HICKS COLUMN: Cruise-ship confab was preaching to the choir
You gotta love the anti-cruise-ship crowd.
They brought in 150 people this past week to talk about balancing cruise ship visits with quality of life in our historic port city. Think about that — a port that wants to limit the number of ships that call here. Isn't that our business?
Of course, these folks say they don't want to ban these ships. They just want a balance, which means sticking all the cruise ships up on the East Side — so the beautiful people don't have to see so much of the riffraff or hear that dreadful calypso music.
They also have concerns about pollution in the historic district. Apparently they figure folks on the East Side would just think it's black snow.
One of the central themes of this confab was how people “concerned” about cruise ships should make more allies.
And then they turn around and don't invite the State Ports Authority or Mayor Joe Riley, the very people they need to be confabbing with.
Stop the carnival
This meeting was the very definition of preaching to the choir.
The World Monuments Fund and the National Trust for Historic Preservation got together with the good folks from the Preservation Society of Charleston to throw this shindig. Dissenters weren't invited; even press access was limited.

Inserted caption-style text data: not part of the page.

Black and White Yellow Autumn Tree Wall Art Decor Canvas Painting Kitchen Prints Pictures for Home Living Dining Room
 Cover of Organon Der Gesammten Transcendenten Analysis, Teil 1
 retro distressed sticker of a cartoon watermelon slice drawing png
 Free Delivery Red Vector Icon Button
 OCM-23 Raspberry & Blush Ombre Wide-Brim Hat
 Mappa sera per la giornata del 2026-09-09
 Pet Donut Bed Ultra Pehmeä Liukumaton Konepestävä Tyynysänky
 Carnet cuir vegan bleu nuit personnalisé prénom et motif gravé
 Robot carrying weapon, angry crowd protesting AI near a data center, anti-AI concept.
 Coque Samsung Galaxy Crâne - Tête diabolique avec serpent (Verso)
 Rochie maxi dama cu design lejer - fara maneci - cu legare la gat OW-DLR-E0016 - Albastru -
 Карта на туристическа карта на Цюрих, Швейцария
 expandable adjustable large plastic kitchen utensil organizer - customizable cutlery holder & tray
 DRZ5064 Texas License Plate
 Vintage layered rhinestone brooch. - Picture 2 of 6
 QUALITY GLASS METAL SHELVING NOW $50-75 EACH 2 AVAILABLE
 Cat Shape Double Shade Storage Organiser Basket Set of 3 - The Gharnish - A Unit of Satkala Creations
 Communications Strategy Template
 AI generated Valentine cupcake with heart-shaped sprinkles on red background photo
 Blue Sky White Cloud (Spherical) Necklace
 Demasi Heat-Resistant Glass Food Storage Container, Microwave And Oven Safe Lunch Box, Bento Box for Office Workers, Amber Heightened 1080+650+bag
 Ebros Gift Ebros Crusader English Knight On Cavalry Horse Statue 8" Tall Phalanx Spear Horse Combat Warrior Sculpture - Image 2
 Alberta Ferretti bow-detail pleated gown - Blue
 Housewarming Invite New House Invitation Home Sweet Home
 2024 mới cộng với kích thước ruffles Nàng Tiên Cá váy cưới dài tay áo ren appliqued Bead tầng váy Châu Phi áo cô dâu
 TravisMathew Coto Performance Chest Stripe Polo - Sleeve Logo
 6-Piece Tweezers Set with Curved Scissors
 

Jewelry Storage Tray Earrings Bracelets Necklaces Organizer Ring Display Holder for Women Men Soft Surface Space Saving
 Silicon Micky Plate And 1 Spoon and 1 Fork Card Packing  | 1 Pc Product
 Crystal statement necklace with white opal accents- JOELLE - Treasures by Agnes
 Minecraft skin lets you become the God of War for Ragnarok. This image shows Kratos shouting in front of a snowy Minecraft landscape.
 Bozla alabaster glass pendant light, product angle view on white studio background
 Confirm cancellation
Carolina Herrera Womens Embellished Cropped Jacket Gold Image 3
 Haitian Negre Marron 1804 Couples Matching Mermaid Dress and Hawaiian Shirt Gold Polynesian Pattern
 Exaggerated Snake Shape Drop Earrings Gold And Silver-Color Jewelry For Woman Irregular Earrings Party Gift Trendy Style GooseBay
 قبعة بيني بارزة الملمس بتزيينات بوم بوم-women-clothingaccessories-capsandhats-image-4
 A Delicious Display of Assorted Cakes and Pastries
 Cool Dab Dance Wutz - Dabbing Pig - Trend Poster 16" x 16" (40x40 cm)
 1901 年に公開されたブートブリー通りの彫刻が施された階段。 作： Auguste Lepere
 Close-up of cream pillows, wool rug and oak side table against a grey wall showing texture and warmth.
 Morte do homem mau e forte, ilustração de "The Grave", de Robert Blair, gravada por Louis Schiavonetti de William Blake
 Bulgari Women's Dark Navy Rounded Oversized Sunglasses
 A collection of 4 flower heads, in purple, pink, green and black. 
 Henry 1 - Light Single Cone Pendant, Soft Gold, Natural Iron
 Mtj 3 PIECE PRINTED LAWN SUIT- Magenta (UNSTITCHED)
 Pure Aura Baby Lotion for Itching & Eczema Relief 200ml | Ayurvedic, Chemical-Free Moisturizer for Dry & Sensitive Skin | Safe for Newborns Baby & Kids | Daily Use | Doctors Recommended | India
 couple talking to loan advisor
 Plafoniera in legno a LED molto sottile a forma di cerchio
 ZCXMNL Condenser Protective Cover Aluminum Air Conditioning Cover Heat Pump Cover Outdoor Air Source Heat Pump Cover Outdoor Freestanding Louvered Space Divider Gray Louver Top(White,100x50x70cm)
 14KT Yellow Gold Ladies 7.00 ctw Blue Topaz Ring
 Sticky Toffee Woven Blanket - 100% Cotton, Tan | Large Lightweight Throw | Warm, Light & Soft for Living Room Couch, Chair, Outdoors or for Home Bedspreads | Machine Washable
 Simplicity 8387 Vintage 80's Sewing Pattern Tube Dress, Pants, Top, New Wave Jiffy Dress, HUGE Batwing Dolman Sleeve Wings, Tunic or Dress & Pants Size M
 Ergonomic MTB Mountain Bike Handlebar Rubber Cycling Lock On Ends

Instead, this like-minded crowd heard from people who have been successful in limiting cruise ships in other cities, and were told the only way to bring about compromise was to keep arguing.
That's all fine — nothing wrong with arguing or balance. But why didn't this group invite the folks they need to be arguing with?
Answer: They didn't want to hear the pro-cruise-ship folks, and the other side doesn't want to hear any more from them. And that's the problem.
And it's not going to get solved by listening to “Kumbaya.”
Come sail away?
An Alaska attorney told the crowd they shouldn't fight being labeled as elitists — they should embrace it.
He's talking about the sinister yet genius “Snobs vs. Jobs” campaign the pro-cruise-ship folks rolled out to combat this insurgence. Thing is, there's little way to avoid such a label when the cruise control crowd's idea of a solution is to dump the new cruise-ship terminal on poor neighborhoods.
Look, the Preservation Society and Historic Charleston Foundation have nothing but the city's best interests at heart here. They are good folks. And limiting the number of cruise ships that can call on Charleston every year would be a nice gesture.
Ports officials rightly note that we are never going to be Fort Lauderdale or Key West anyway — we're too far north — so what's the big deal?
If the city would just do it, perhaps these costly lawsuits and all the hand-wringing would go away. And if it didn't, well, then it would put the lie to talk of balance.
And it would suggest that some of these cruise-ship opponents are sailing through life on the SS Oblivious.